Ze denkt niet aan alle problemen die er nu voor haar gaan komen. Wie zal haar geloven? Iedereen zal denken dat ze overspel heeft gepleegd. Hoe zal Jozef reageren? Als hij haar verlaat zal ze helemaal alleen zijn, niemand zal voor haar willen zorgen. Op overspel staat zelfs de doodstraf. Ze gelooft de woorden van Gabriël en besluit direct naar Elisabeth te gaan. De begroeting van Elisabeth klinkt haar als muziek in de oren. Ze krijgt hierdoor nog een bevestiging dat Gabriël de waarheid heeft gesproken:
“Toen Elisabeth de groet van Maria hoorde, sprong het kind op in haar schoot; ze werd vervuld met de Heilige Geest en riep luid: ‘De meest gezegende ben je van alle vrouwen, en gezegend is de vrucht van je schoot! Toen ik je groet hoorde, sprong het kind van vreugde op in mijn schoot. Gelukkig is zij die geloofd heeft dat de woorden van de Heer in vervulling zullen gaan’.”
Deze woorden tonen dat Maria de woorden van Gabriël direct geloofde, in tegenstelling tot Zacharias, die als bewijs een teken vroeg. Maria antwoordt Elisabeth met een lofzang. Hierin laat zij voor het eerst haar grote blijdschap zien, om wat de Here voor haar heeft gedaan.
“Mijn ziel prijst en looft de Heer, mijn hart juicht om God, mijn redder: Hij heeft oog gehad voor mij, zijn minste dienares. Alle geslachten zullen mij voortaan gelukkig prijzen, ja, grote dingen heeft de Machtige voor mij gedaan, heilig is zijn naam”.
Dit is alles wat zij over zich zelf zegt. Belangrijker voor haar is de vervulling van Gods heilsbeloften:
“Hij trekt zich het lot aan van Israël, zijn dienaar, zoals hij aan onze voorouders heeft beloofd: hij herinnert zich zijn barmhartigheid jegens Abraham en zijn nageslacht, tot in eeuwigheid.”

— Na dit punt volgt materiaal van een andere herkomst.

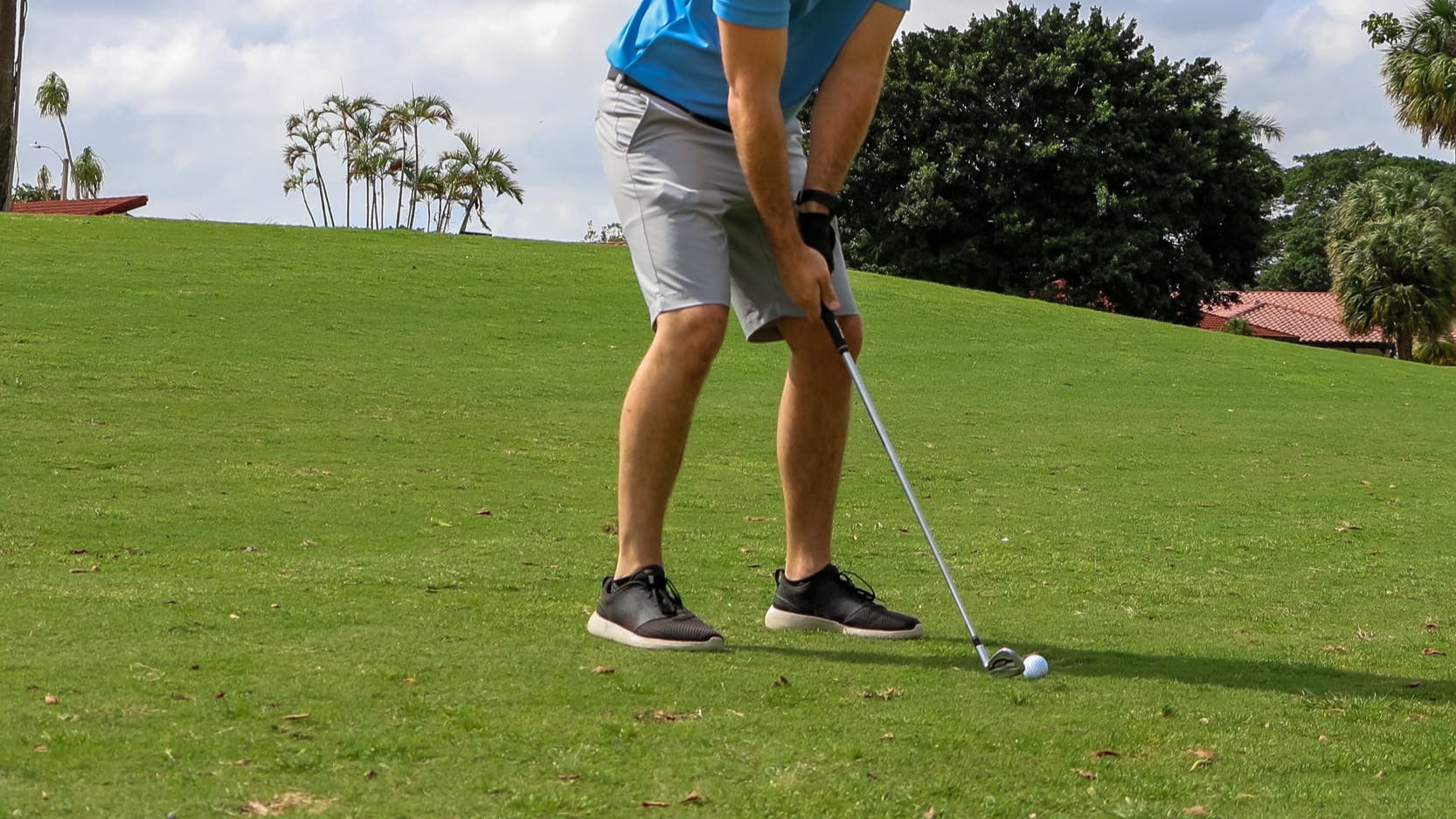 A golfer prepares to hit a golf ball with a wedge. 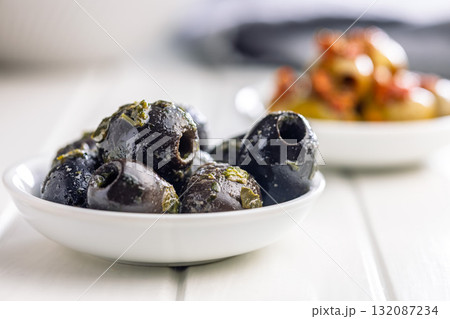 Tapas. Flavored pickled olives in bowl on white table. Tapas. Flavored pickled olives in bowl on white table. 132087234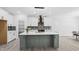 Modern open kitchen with an island, pendant lighting, stainless steel appliances, and plenty of countertop space at 107 Seminole Dr, Louisburg, NC 27549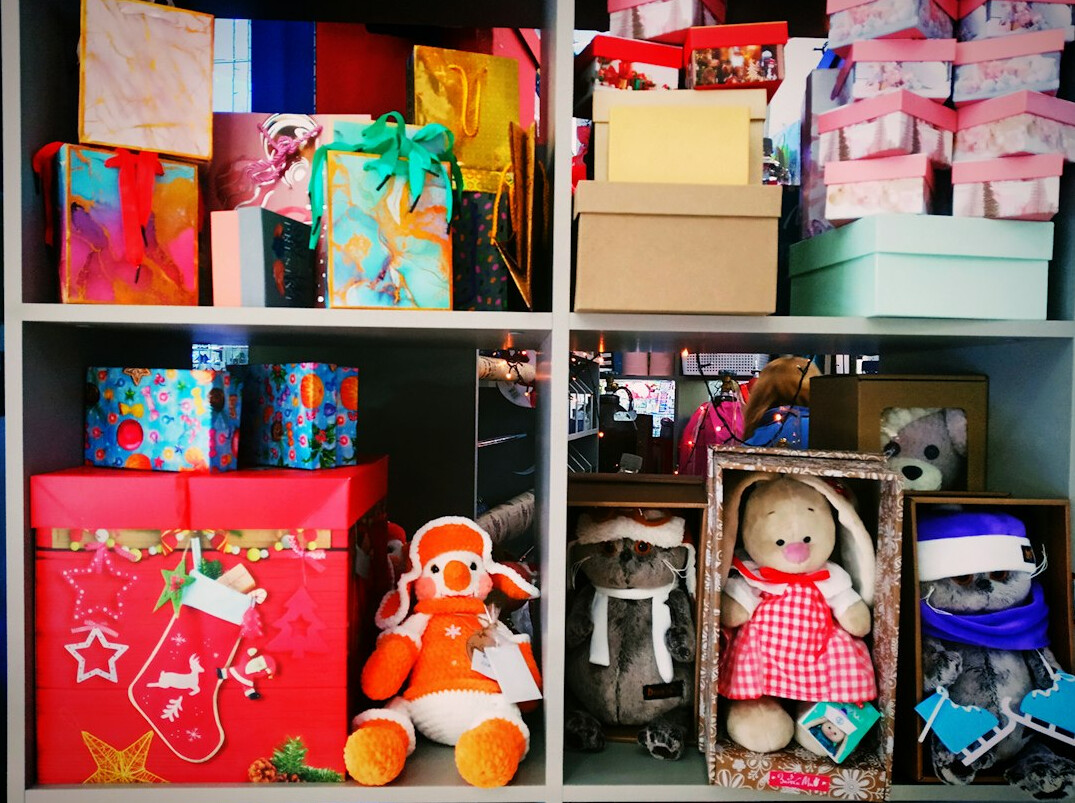 Storage boxes and baskets on shelves in a bright room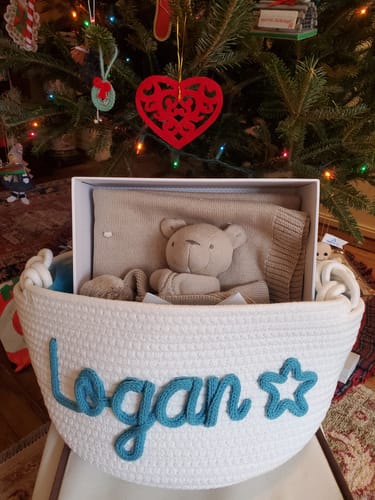Customer's white knitted basket, personalized with 'Logan' and a star icon in blue yarn, shown filled with gifts.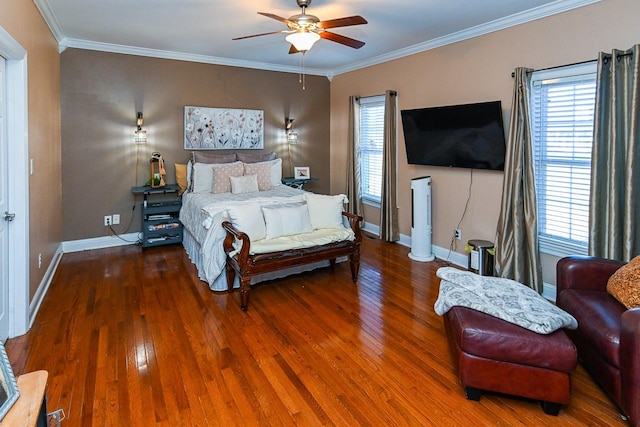 bedroom featuring crown molding, ceiling fan, and dark hardwood / wood-style flooring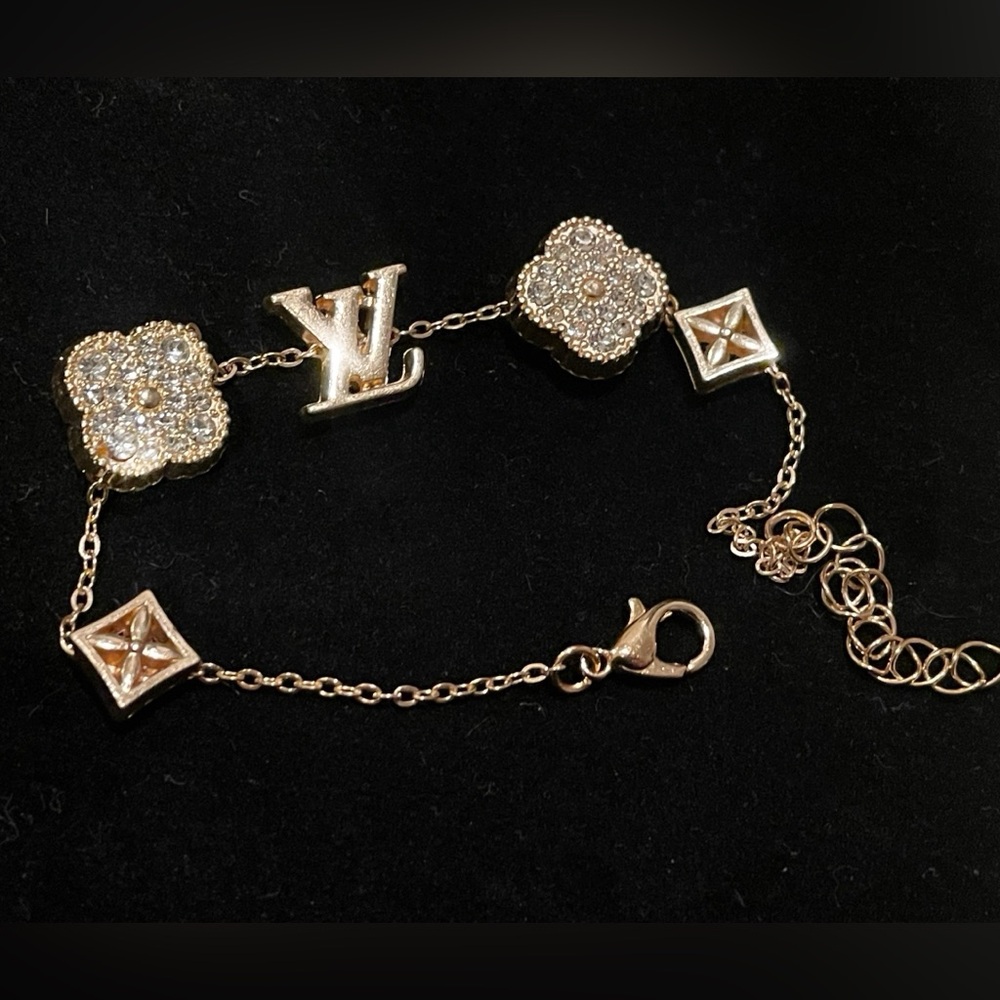 gold crystals monogram logo bracelet pretty to match your bag or purse😍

Uit de lofzang, waarin vele aanhalingen uit de psalmen en profeten staan, blijkt dat Maria de Schriften goed kende. Na haar terugkeer neemt Jozef zijn verloofde Maria bij zich in huis. God had hem in een droom de situatie uitgelegd. Jozef gelooft God en neemt de verantwoordelijkheid voor moeder en kind op zich. De geboorte vond plaats in een sombere stal. Het bezoek van de herders gaf grote blijdschap en maakte diepe indruk op Maria. Ze begreep niet alles van wat ze vertelden maar:
“bewaarde al deze woorden in haar hart en bleef erover nadenken”(Lucas 2:19).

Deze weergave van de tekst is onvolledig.